The method according to claim 6,
The expression forming unit,
A second database storing a facial expression pointer corresponding to each of a plurality of facial expression groups;
A second search unit for searching for an expression pointer corresponding to an expression group to which a word composed of the input at least one letter belongs in the second database;
A fourth database storing an inertia coefficient value of at least one specific facial expression set to form the facial expression corresponding to the facial expression group corresponding to each facial expression pointer;
A fourth retrieval unit for retrieving an inertia coefficient value of at least one specific expression set in the fourth database to form an expression corresponding to the retrieved facial expression pointer;
A sixth database that stores 3D facial expression data for each of the inertia coefficient values of at least one specific expression set to form the facial expression corresponding to the facial expression group corresponding to each facial expression pointer; And
And a sixth search unit for searching for 3D facial expression data corresponding to each of the searched inertia coefficient values of the at least one specific expression in the sixth database and outputting the searched at least one 3D facial expression data as the formed 3D facial expression data. Real-time talking reality device.

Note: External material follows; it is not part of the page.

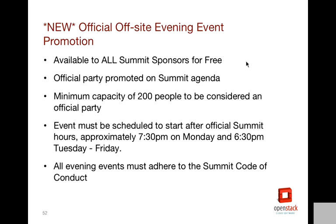The off-site evening events: we all know evening events are a very important part of the summit experience for attendees. As the summit has grown, it's pretty difficult for any one sponsor to host an event accommodating the majority of attendees. So we're opening it up this time and making it free — not a paid add-on. You just need to be a sponsor and provide us your evening event details and we'll list it on the agenda. You'll need a minimum capacity of 200 people and must follow our code of conduct. Evening events cannot conflict with official summit events — on Monday they need to start at 7:30 or later, and Tuesday through Friday at 6:15 or 6:30 or later.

9. The method according to any one of claims 6 to 8,
The at least one specific vowel,
A real time talking reality device comprising at least one of a, e, i, o, u.

9. The method according to any one of claims 6 to 8,
The plurality of facial expression groups,
Joy group containing words to express joy, anger group containing words to express anger, sadness group containing words to express sadness, joy group containing words to express joy and words representing joy, anger, sadness and joy A real time talking reality device comprising at least one of an expressionless group containing a word other than.